Now that you have your secret, you need to decide how best to protect it. If it is something like the recipe for Coca-Cola, keep it under wraps. If it's something that by its very nature will be made available to the public, i.e. the people who buy it, then invest in a patent.


Take the time to do an inventory of your small business and decide which elements you want to take the time and money to protect. Start with the company name. If you're establishing a cookie company, you can't trademark the word "cookie", it's too general. You probably would also run afoul of the law if you tried to call it Mrs. Feeld's Cookies, as that might be construed as highjacking the lawful name of the much bigger company run by Mrs. Fields. You could however make a case for calling it Mrs. Pasture's Cookies. Not a very appetizing name, but we're not here to help you with your marketing efforts.


Once you've made a list of the properties that you want to protect, it's time to hire an intellectual property attorney.

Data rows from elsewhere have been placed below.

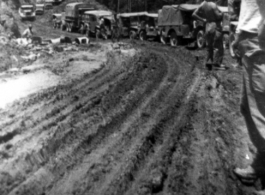 Truck convoy on the Ledo Road, mostly driven by members of the 172nd General Hospital Unit heading for Kunming, China, 1945.  Photo by Cpl. Douglas J. Davis.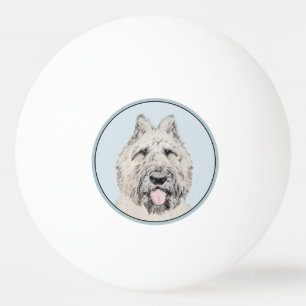 Balle De Ping Pong Peinture de Bouvier des Flandres - Art original de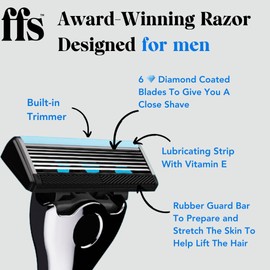 FFS Beauty 5-Blade SmoothGlide Razor Cartridge Head Refills - Durable, Diamond Coated Titanium Blade & Styling Trimmer - Blue (4 pack, 4.00, count)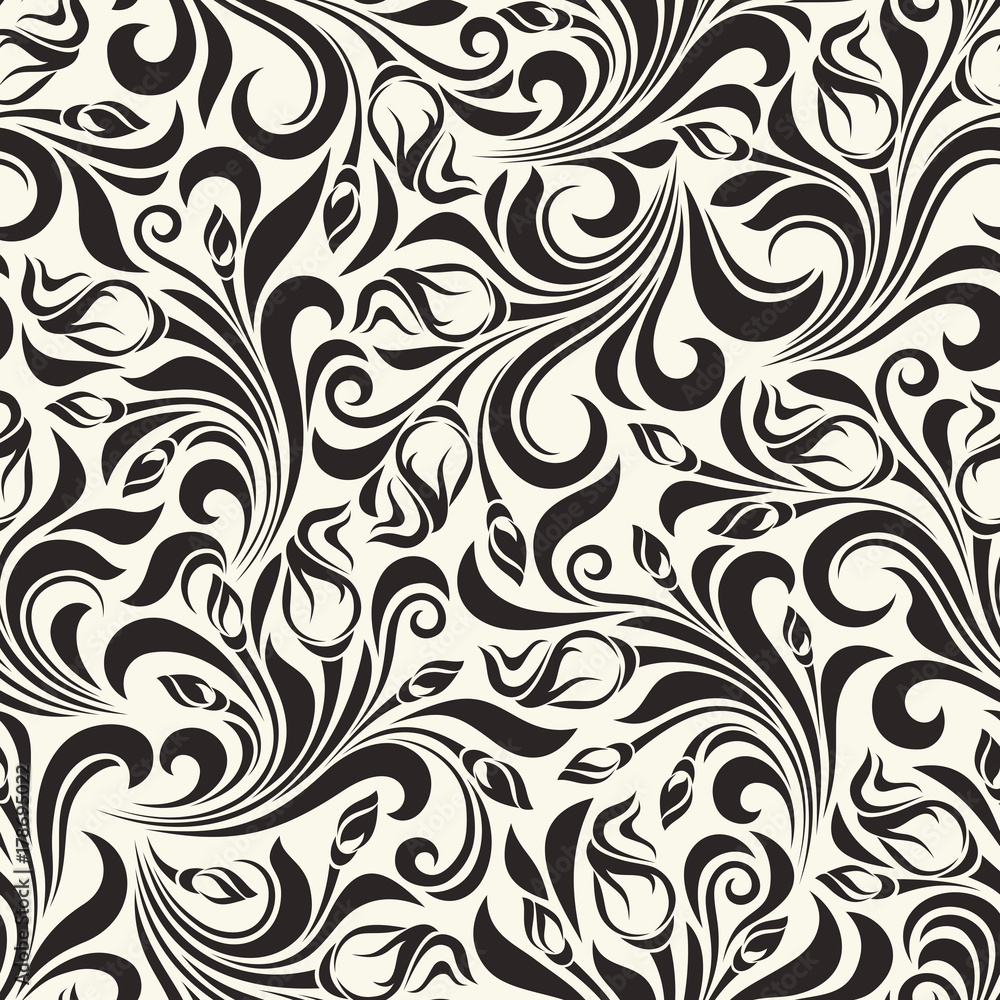 Vector seamless black and white floral pattern. Vector seamless black and white floral pattern.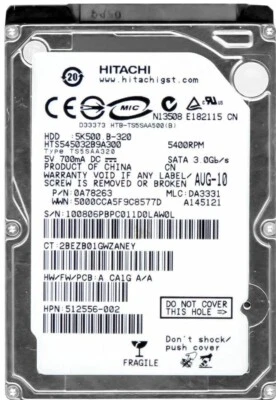 Hitachi Travelstar 5K500.B 320GB 5400RPM 8MB SATA II HTS545032B9A300 2.5" Inch - Image 1 of 3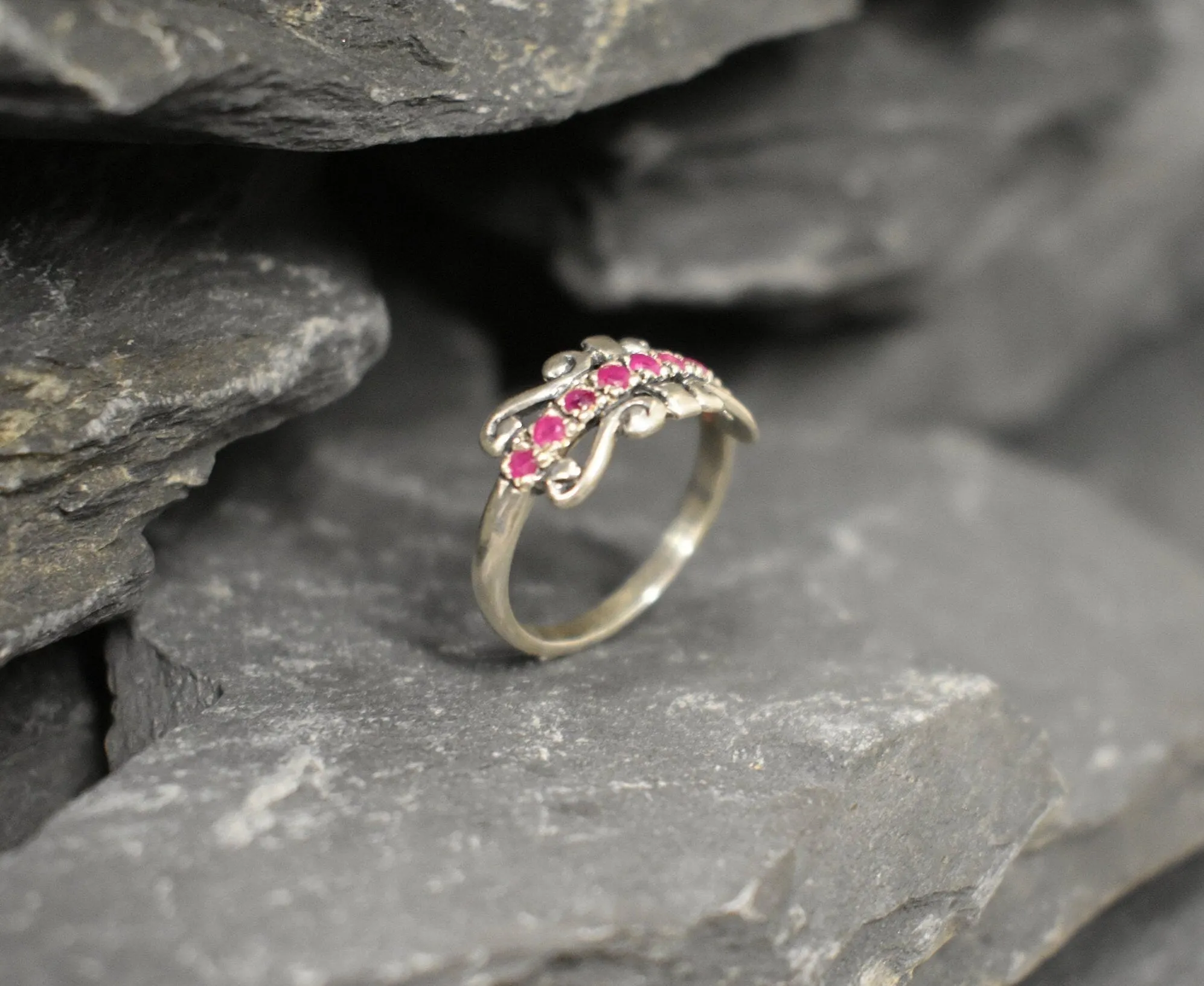 Red Tiara Ring - Natural Ruby Ring, Silver Crown Band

This is something that you can't afford to wing. It needn't cost you a fortune. Some attorneys charge by the project, some by the hour, so bear that in mind when you're sussing out your candidates.


The attorney will file the appropriate paperwork. The first step will be a search of the federal registry and make sure that no other company has already laid claim to the name "Mrs. Pasture's Cookies" (a safe bet). Once the way is clear, your attorney will file the application. The process usually takes six to nine months, but the legal protection will be retroactively enforceable to the date of the application. In the (highly unlikely) event that someone else tries to do business under the name of Mrs. Pasture's Cookies, you'll be able to prove that you laid claim to the name way back when.


Once the trademarks/copyrights/patents have been issued, it is your responsibility to ensure that no one else misappropriates them. If Debbi Fields takes an unexplainable liking to your company name and puts it on her stationary, you must defend your trademark or risk losing it. Do a periodic Internet search to make sure that the only uses of your name, logo, etc. are those that are authorized by you.


In the even that your trademark, et al are not issued, you can, and should, still treat your trade secrets as such. Make sure your NDAs don't have a short expiration date. Keep things locked up. The formula for making Coca-Cola is only known to two people at a time and they're not allowed to fly on the same plane together. You don't have to go to these lengths, but it does pay to use discretion.


After all, don't your grandchildren deserve to eat bon-bons in the lap of luxury?